What you are asked to do: Return every entry below exactly as written, minus the pictures.

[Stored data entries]
· · · ·

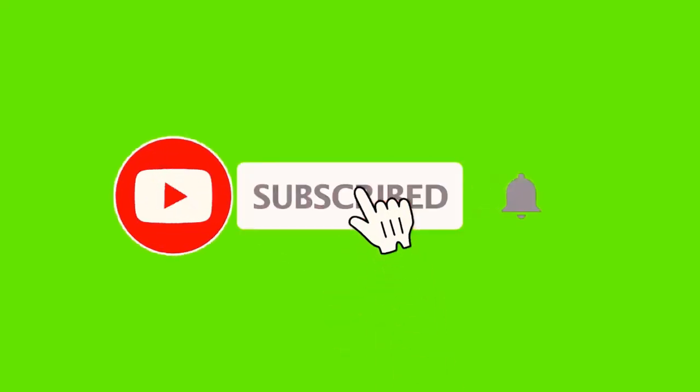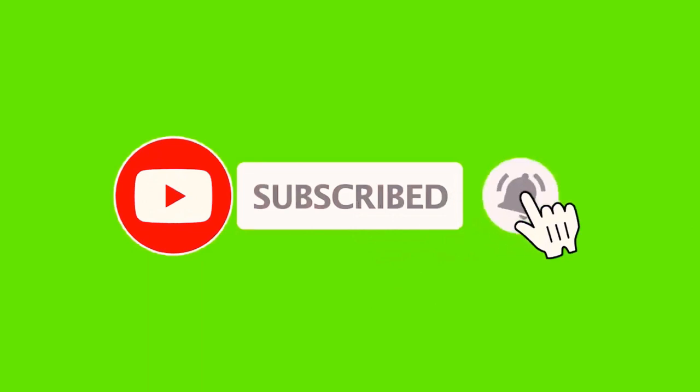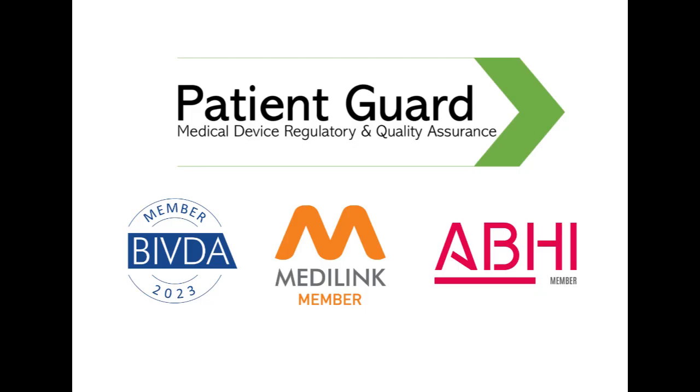If you liked this video, then please click like and hit the subscribe button to keep up to date with the latest videos from PatientGuard, making regulation easy.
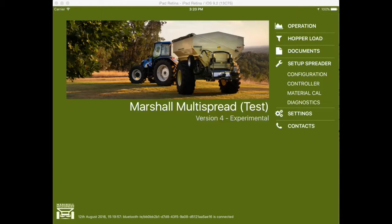The MDC app will read fertilizer application rates from prescription maps. Prescription maps must first be downloaded onto the iPad in either shape or GeoJSON format.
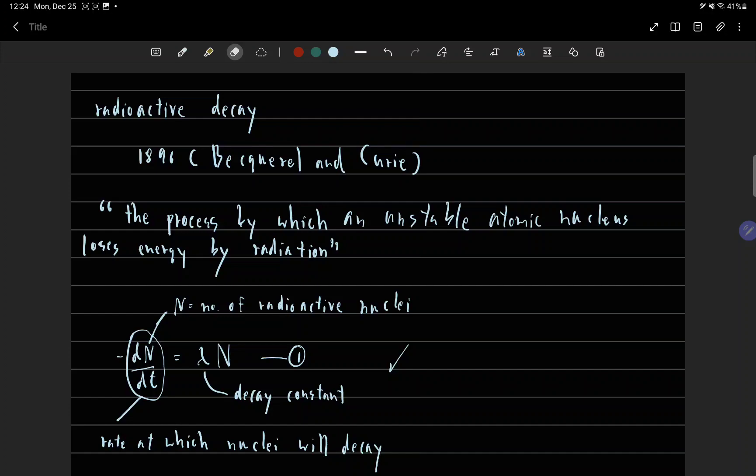Radioactive decay, first discovered in 1896 by Becquerel and Curie. Radioactive decay is a process by which an unstable atomic nucleus loses energy by radiation.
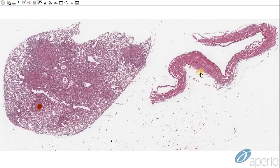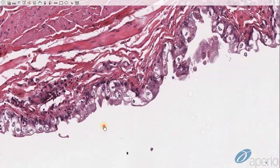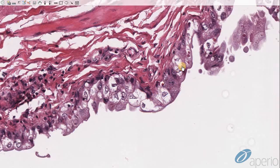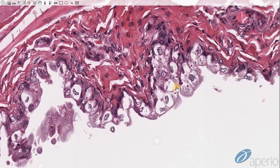Canine distemper can also infect the urinary bladder, which is a good site to detect intranuclear and intracytoplasmic inclusions. In this dog, we can see bronchopneumonia similar to the previous video but less severe. The urothelium of the bladder is degenerate and sometimes sloughed, with evidence of intranuclear and intracytoplasmic inclusions, as well as ballooning degeneration of the epithelium.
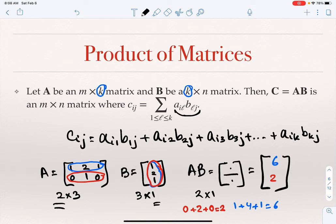Please notice that if AB is defined, it does not mean that BA is defined. The product of matrices is not commutative — AB does not have to equal BA. Sometimes it is worse than that: you can multiply A by B but you might not be able to multiply B by A at all. In our example, B has one column and A has two rows, so B times A cannot be computed.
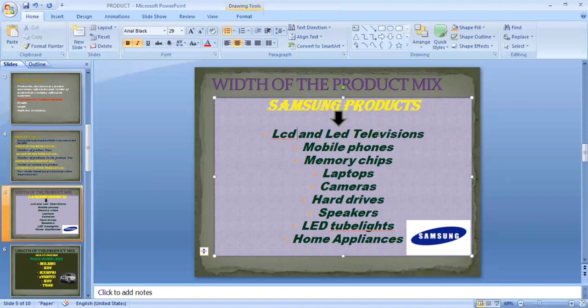For example, Samsung produces LCD and LED televisions, mobile phones, memory chips, laptops, cameras, hard drives, speakers, LED tube lights, and home appliances. A single company producing different types of products like this is an example of the width of the product mix — the number of product lines offered by one company or brand.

· · · ·

Result of the task:
If you liked this video, then please click like and hit the subscribe button to keep up to date with the latest videos from PatientGuard, making regulation easy.
The MDC app will read fertilizer application rates from prescription maps. Prescription maps must first be downloaded onto the iPad in either shape or GeoJSON format.
Radioactive decay, first discovered in 1896 by Becquerel and Curie. Radioactive decay is a process by which an unstable atomic nucleus loses energy by radiation.
Canine distemper can also infect the urinary bladder, which is a good site to detect intranuclear and intracytoplasmic inclusions. In this dog, we can see bronchopneumonia similar to the previous video but less severe. The urothelium of the bladder is degenerate and sometimes sloughed, with evidence of intranuclear and intracytoplasmic inclusions, as well as ballooning degeneration of the epithelium.
Please notice that if AB is defined, it does not mean that BA is defined. The product of matrices is not commutative — AB does not have to equal BA. Sometimes it is worse than that: you can multiply A by B but you might not be able to multiply B by A at all. In our example, B has one column and A has two rows, so B times A cannot be computed.
For example, Samsung produces LCD and LED televisions, mobile phones, memory chips, laptops, cameras, hard drives, speakers, LED tube lights, and home appliances. A single company producing different types of products like this is an example of the width of the product mix — the number of product lines offered by one company or brand.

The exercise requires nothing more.